[[ DATA TO PROCESS open ]]

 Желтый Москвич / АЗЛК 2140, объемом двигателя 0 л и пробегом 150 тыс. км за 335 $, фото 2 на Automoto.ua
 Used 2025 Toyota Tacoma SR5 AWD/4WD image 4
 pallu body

[[ DATA TO PROCESS closed ]]
[[ DATA TO PROCESS open ]]

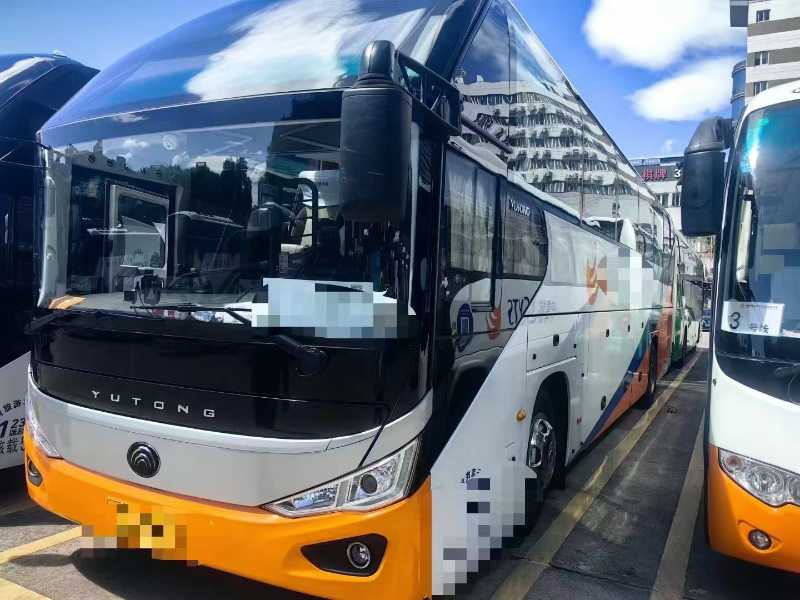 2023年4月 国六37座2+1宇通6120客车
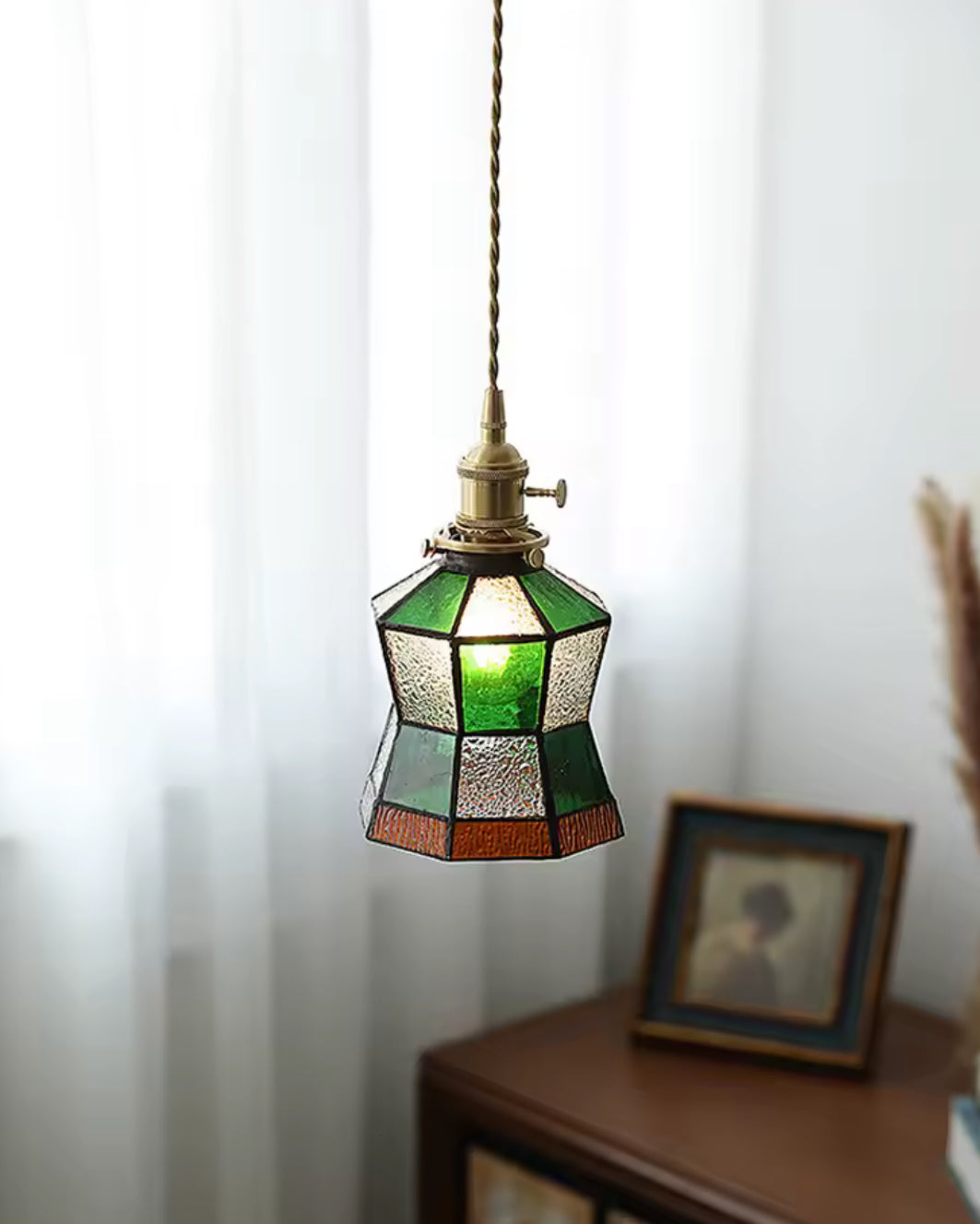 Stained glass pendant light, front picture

[[ DATA TO PROCESS closed ]]

### ACTIVITY
Given the records above, return the lines starting at the one that holds "2023年4月 国六37座2+1宇通6120客车" and ending at the one that holds "Stained glass pendant light, front picture", exactly, and nothing besides; leave every picture out.

### YOUR SOLUTION
 2023年4月 国六37座2+1宇通6120客车
 Stained glass pendant light, front picture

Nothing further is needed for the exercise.